The researchers analyzed 73,890 women in the Nurses’ Health Study, 92,352 women in the Nurses’ Health Study II and 43,266 men in the Health Professionals Follow-Up Study without CVD and cancer.
Each participant was categorized based on their overall plant-based diet quality index, their healthful plant-based diet quality index and their unhealthful plant-based diet quality index. Healthy plant-based diets included foods such as leafy greens, whole grains and beans, whereas unhealthy plant-based diets included foods such as refined grains, potatoes and added sugars. Mean follow-up was approximately 25 years.
During the study period, there were 6,241 cases of stroke, including 3,015 ischemic strokes, the researchers reported.

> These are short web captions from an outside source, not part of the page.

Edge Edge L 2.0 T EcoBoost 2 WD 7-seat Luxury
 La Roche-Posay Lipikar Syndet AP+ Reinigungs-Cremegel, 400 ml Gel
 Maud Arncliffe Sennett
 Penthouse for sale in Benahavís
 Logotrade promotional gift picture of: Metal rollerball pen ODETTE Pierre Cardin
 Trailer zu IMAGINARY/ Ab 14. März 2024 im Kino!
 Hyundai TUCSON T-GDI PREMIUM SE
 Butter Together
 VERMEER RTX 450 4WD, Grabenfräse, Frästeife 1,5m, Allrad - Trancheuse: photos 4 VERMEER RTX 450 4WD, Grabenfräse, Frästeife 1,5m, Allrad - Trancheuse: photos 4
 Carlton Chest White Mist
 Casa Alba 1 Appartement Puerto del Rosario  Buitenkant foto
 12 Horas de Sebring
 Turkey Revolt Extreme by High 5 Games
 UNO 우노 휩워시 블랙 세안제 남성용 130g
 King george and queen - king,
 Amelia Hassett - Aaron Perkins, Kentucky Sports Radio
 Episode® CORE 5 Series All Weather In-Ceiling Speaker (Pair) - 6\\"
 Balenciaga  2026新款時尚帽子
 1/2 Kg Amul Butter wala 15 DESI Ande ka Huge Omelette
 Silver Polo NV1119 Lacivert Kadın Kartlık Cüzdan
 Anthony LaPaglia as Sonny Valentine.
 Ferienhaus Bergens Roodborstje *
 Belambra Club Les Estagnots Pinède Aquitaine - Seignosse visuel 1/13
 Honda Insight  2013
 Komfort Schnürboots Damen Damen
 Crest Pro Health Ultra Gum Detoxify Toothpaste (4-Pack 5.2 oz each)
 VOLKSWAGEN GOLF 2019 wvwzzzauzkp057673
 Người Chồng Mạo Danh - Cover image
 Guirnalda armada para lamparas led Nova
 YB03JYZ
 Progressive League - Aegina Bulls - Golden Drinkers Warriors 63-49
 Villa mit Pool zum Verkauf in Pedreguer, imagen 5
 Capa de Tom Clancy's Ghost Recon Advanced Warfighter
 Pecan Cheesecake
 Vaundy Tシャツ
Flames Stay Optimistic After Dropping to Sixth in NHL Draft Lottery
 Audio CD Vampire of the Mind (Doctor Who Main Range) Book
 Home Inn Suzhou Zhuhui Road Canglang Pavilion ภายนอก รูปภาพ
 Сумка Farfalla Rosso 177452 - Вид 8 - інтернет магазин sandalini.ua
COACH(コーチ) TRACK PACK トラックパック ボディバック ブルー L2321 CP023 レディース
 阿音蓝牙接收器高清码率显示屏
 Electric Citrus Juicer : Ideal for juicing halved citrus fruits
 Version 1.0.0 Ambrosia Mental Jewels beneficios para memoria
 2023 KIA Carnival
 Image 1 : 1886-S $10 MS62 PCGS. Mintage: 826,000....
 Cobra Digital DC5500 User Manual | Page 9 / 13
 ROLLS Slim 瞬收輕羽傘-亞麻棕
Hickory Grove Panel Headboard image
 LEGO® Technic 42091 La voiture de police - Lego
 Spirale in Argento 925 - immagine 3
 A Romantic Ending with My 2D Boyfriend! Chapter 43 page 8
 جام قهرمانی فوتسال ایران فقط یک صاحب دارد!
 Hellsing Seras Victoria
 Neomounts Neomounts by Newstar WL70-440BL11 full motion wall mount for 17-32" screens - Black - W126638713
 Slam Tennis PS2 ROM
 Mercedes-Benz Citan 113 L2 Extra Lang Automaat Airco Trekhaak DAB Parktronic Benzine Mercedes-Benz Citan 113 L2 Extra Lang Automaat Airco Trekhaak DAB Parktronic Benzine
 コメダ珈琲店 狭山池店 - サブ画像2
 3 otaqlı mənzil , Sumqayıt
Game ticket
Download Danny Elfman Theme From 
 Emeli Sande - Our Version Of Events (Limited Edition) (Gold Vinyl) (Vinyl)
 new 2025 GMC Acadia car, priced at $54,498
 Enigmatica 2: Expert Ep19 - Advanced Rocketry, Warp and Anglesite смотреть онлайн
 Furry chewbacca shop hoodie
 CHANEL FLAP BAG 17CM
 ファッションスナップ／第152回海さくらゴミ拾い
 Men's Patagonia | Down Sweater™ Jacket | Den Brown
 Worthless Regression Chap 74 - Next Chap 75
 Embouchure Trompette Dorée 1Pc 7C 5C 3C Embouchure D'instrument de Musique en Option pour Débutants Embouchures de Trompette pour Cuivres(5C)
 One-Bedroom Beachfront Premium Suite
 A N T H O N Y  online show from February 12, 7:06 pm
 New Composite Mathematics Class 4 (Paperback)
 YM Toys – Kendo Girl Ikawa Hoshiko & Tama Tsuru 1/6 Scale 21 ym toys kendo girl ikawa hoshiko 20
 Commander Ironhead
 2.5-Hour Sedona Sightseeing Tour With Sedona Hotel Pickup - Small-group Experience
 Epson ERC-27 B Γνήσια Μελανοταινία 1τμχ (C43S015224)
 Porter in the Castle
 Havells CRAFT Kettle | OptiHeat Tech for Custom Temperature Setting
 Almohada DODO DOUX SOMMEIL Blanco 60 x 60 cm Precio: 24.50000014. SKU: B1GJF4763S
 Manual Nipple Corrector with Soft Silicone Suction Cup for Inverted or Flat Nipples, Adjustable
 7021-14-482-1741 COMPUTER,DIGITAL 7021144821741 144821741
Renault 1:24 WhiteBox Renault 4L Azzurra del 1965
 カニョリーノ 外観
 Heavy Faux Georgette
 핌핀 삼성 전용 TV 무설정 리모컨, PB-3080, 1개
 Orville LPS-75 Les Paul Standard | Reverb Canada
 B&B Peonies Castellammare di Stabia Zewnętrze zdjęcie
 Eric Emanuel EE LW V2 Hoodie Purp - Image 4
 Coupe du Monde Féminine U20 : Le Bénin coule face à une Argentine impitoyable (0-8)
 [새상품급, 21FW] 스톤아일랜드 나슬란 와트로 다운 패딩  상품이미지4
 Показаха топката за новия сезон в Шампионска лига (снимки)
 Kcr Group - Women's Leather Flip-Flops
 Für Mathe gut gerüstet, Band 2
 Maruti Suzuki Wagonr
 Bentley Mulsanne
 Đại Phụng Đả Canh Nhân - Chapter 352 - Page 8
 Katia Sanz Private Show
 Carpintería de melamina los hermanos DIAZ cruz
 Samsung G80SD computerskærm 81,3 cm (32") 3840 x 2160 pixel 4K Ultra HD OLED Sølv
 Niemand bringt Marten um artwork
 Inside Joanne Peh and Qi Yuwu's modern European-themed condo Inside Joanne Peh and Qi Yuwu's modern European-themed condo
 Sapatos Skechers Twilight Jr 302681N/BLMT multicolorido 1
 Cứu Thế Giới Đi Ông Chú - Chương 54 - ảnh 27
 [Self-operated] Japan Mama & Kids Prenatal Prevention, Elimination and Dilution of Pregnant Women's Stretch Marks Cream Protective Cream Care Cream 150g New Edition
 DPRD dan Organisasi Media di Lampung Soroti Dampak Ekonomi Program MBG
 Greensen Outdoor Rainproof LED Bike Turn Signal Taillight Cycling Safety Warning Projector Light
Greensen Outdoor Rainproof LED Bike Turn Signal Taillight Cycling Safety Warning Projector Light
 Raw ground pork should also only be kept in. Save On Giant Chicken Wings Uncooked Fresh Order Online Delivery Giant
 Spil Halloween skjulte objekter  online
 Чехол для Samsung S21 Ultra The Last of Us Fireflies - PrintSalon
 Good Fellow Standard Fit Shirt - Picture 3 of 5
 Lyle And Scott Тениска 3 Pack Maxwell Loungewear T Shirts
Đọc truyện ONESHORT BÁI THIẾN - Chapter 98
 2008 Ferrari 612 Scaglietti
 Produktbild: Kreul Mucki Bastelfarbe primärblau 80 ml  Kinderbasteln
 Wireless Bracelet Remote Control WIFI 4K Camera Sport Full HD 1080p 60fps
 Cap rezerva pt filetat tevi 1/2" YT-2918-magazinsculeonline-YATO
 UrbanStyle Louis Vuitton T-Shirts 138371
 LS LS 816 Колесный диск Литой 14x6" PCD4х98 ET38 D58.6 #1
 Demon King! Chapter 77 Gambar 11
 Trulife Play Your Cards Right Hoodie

In a pooled analysis, participants in the highest quintile of plant-based diet index scores had a lower stroke rate (HR = 0.94; 95% CI, 0.86-1.03) compared with those in the lowest quintile.
Participants with the highest healthful plant-based diet index scores had reduced risk for stroke (HR = 0.9; 95% CI, 0.83-0.98), whereas those with the highest unhealthful plant-based diet index scores had a slightly elevated risk for stroke (HR = 1.05; 95% CI, 0.96-1.15), according to the researchers.
Participants with the highest healthful plant-based diet index scores had reduced risk for ischemic stroke (HR = 0.92; 95% CI, 0.82-1.04), but there was no association between plant-based diet index and hemorrhagic stroke, the researchers wrote.
There was no difference between vegetarians and nonvegetarians in stroke risk, the researchers found.
Compared with those in the lowest quintile of plant-based diet index, those in the highest quintile had lower BMI, engaged in more physical activity, smoked less, had greater intake of healthy plant foods and less healthy plant foods and had lower intake of animal foods, according to the researchers.
“Our findings have important public health implications, suggesting that future nutrition policies to lower stroke risk should take the quality of food into consideration,” Megu Y. Baden, MD, PhD, postdoctoral fellow in the department of nutrition at Harvard T.H. Chan School of Public Health, said in the release.